**EXERCISE DETAILS**
Begin your copy at the line with "Rousseau Grande Eight" in the records below and end it at the line with "RDA 39 : 24p.", restating each line word for word; omit the pictures.
BEGIN SUPPLIED RECORDS
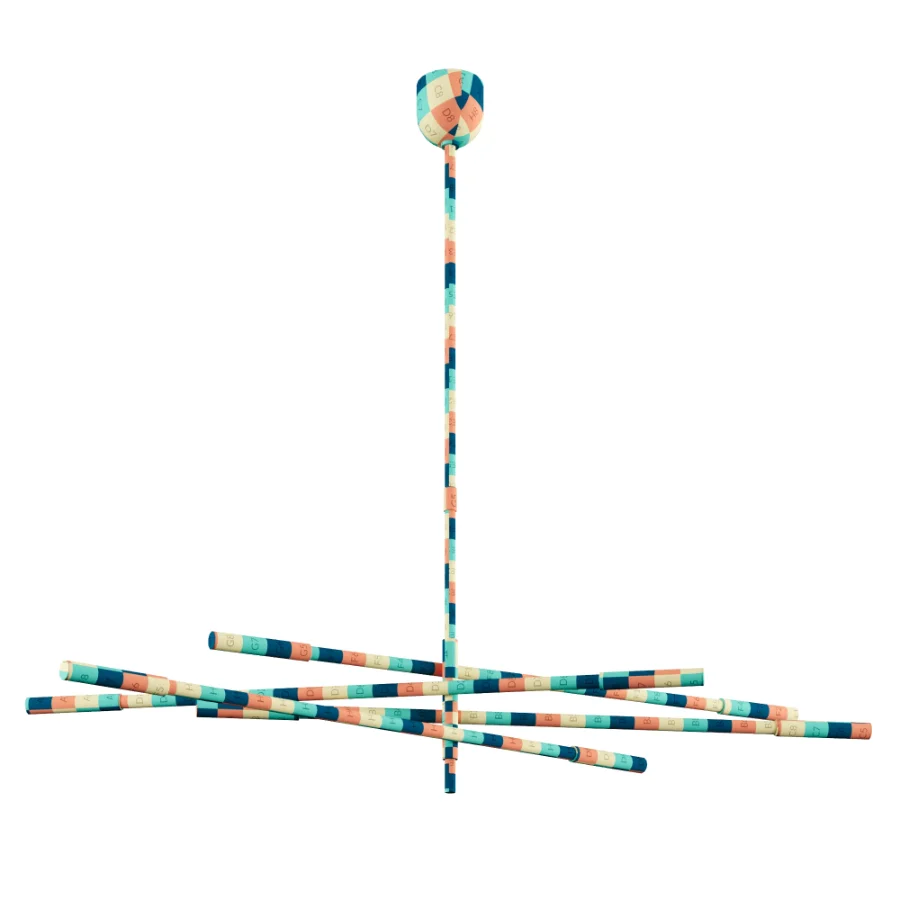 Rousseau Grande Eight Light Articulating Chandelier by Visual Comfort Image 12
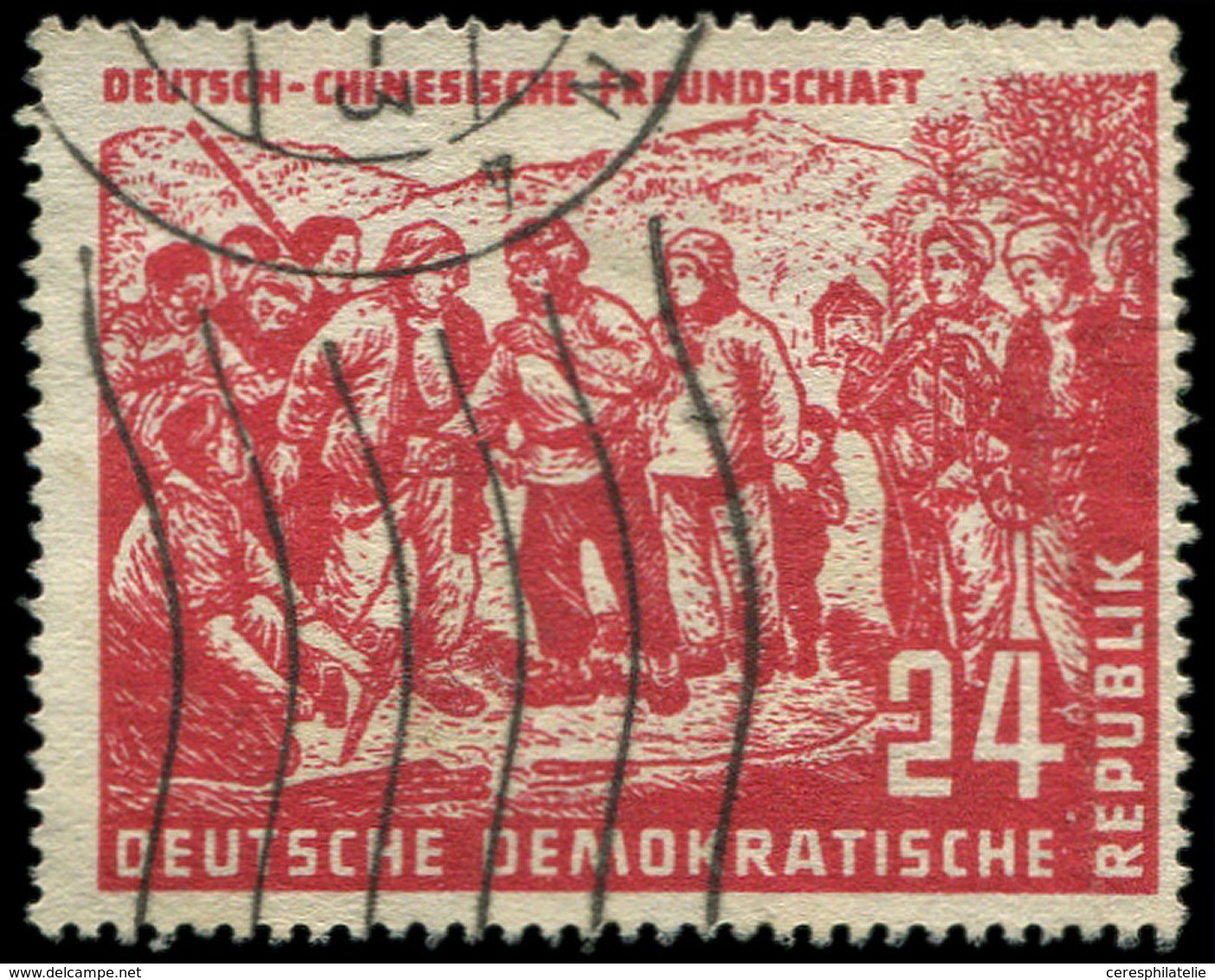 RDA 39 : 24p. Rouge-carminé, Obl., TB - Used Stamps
END SUPPLIED RECORDS
BEGIN SUPPLIED RECORDS
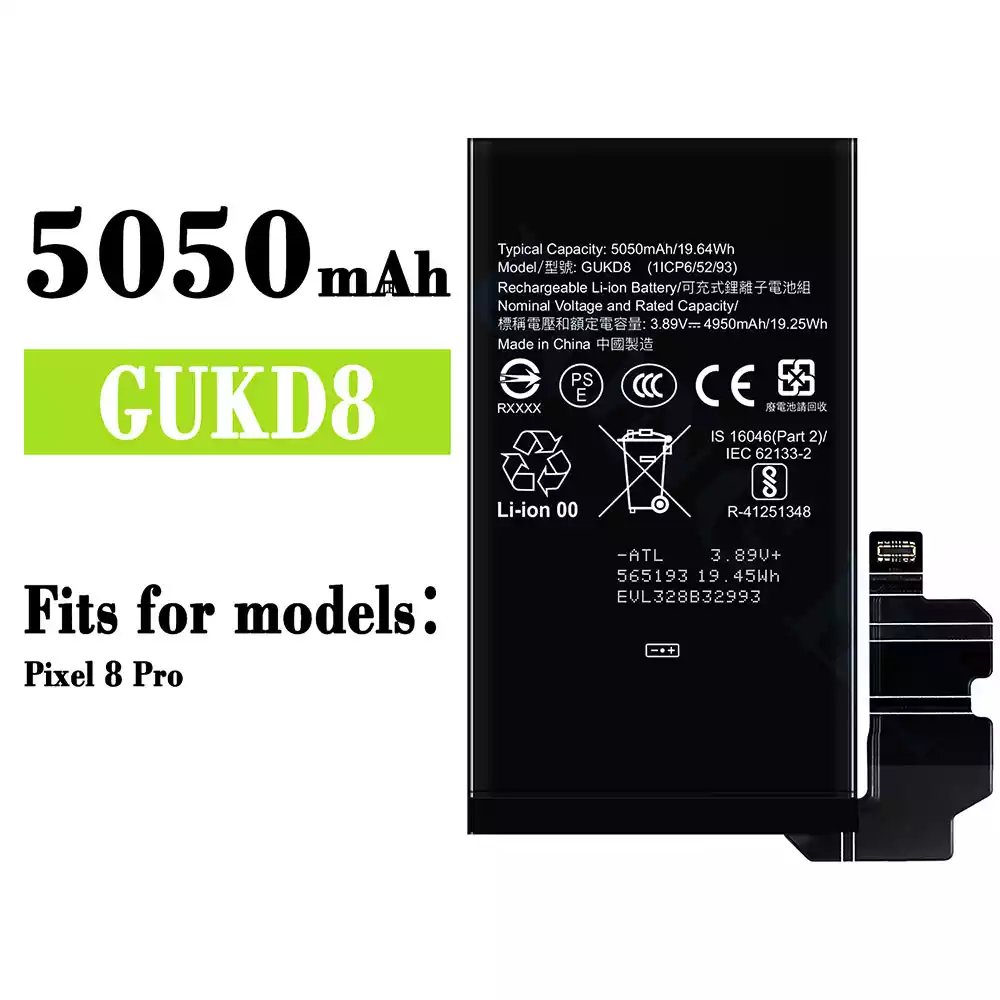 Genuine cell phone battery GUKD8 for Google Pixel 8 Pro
END SUPPLIED RECORDS
**OUTPUT FOR THIS TASK**
 Rousseau Grande Eight Light Articulating Chandelier by Visual Comfort Image 12
 RDA 39 : 24p. Rouge-carminé, Obl., TB - Used Stamps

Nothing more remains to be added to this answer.